We should not be cutting hours in Port Colborne and Fort Erie, as people’s lives are being in jeopardy by doing that. What I’m saying is, don’t be spending $10 billion on agency nurses. Let’s reinvest it into our urgent care centres so we can alleviate the problem that we have in our ERs with wait times. That’s a big issue, including EMS.

The Acting Speaker (Mr. Brian Saunderson): Question?

Ms. Peggy Sattler: Thank you to my colleague from Niagara Falls.

The member talked about the importance of publicly funded health care and the concern that has been raised that this bill does not include a definite commitment from this government that they will ensure that health care is not only publicly funded, but also publicly delivered. I wondered if the member wanted to elaborate a bit about why it’s so important to ensure that health care is publicly delivered.

MPP Wayne Gates: Listen, there’s nothing more important than health care. And I said this when—I still am the long-term-care critic. Every single dollar should go to care, and when you’re taking your tax dollars and giving it to a corporation or to a CEO or, as we all know, some people that used to be Premiers, getting $250,000—every single dollar should go to care. That’s what our tax dollars should go to.

The problem that we have is, corporations know that there’s billions—and I’m talking billions, not tens of billions—billions and billions and billions of dollars in the health care sector. They’ve been trying to get their hands on that money for a long, long time. It looks to me that they might have found a government in the Conservative government that believes in private health care. It’s a mistake. Every single dollar should go into public care. And the example I’ll use—

The Acting Speaker (Mr. Brian Saunderson): Response?

MPP Wayne Gates: I’ll wait. Maybe somebody will ask me another question and I’ll answer.

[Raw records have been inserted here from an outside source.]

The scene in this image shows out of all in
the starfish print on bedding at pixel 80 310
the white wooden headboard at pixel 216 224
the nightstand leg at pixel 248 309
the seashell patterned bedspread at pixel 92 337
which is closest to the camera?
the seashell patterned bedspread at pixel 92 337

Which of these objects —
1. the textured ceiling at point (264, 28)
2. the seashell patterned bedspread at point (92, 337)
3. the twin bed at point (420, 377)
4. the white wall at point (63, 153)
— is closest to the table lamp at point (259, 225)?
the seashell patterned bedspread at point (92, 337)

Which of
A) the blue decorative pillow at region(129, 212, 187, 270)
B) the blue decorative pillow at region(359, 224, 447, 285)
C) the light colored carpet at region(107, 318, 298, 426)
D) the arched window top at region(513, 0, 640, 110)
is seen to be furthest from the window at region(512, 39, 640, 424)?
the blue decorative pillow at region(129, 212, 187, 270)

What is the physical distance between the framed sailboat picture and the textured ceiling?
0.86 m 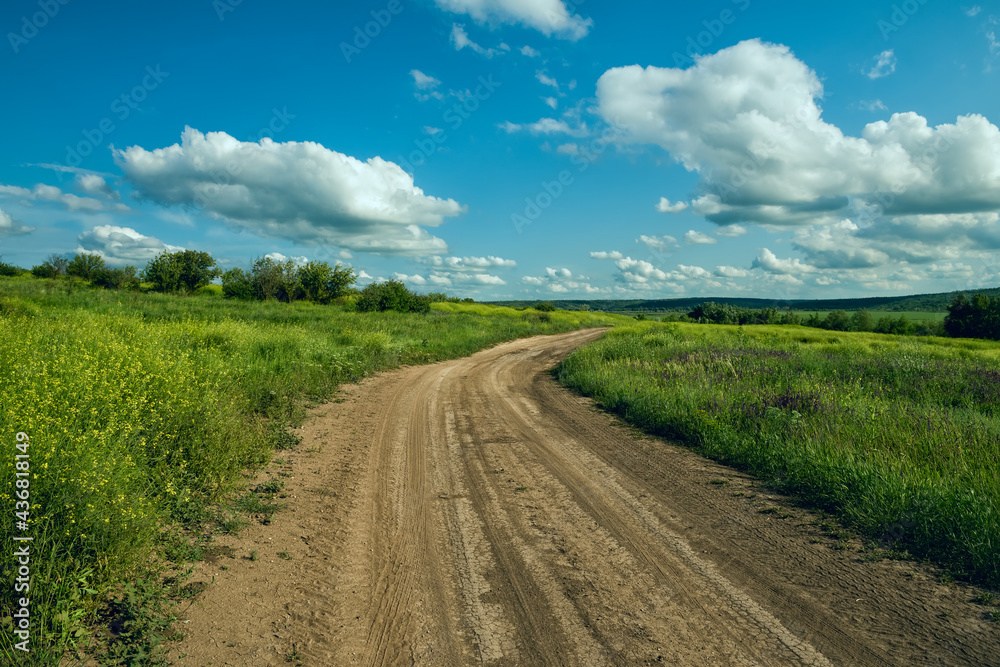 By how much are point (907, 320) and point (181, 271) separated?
95.2 meters

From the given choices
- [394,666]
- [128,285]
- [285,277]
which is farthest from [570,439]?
[128,285]

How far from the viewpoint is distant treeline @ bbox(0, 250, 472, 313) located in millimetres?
58125

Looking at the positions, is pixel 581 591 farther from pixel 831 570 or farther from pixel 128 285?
pixel 128 285

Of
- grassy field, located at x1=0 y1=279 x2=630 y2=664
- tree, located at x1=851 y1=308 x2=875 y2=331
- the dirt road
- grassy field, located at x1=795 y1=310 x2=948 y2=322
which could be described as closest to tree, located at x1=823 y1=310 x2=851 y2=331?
tree, located at x1=851 y1=308 x2=875 y2=331

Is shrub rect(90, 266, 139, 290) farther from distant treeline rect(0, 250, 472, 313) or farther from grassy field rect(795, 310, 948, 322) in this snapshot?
grassy field rect(795, 310, 948, 322)

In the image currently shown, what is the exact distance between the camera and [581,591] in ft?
13.0

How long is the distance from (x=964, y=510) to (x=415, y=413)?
8862mm

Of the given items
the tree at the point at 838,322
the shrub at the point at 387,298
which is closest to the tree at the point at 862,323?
the tree at the point at 838,322

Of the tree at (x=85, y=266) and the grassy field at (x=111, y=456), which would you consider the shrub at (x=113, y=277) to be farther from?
the grassy field at (x=111, y=456)

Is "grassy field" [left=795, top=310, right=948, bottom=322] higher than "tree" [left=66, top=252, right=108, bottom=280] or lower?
lower

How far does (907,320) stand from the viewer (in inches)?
2203

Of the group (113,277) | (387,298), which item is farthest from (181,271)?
(387,298)

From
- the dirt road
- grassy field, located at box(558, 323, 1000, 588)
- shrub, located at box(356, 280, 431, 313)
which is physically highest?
shrub, located at box(356, 280, 431, 313)

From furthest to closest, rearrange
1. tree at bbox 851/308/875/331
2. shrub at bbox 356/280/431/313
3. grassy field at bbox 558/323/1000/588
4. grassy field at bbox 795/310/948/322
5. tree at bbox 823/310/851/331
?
grassy field at bbox 795/310/948/322 < tree at bbox 823/310/851/331 < tree at bbox 851/308/875/331 < shrub at bbox 356/280/431/313 < grassy field at bbox 558/323/1000/588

The Acting Speaker (Mr. Brian Saunderson): Question?

Mme Dawn Gallagher Murphy: I’ll ask you another question, to the member from Niagara Falls.

Our approach to primary care reform is reflecting broader trends in the Canadian health care system, where provinces are actually working to improve accessibility and efficiency. Now, by focusing on teaching clinics, creating more integrated health care teams and increasing physician training, we are moving ourselves in a direction of a very innovative, forward-thinking plan for this province—one that is more equitable and sustainable, a medical system that prioritizes patients’ needs.

So my question to the member is, by our commitment to Ontarians, by doing this training—how could you potentially oppose that?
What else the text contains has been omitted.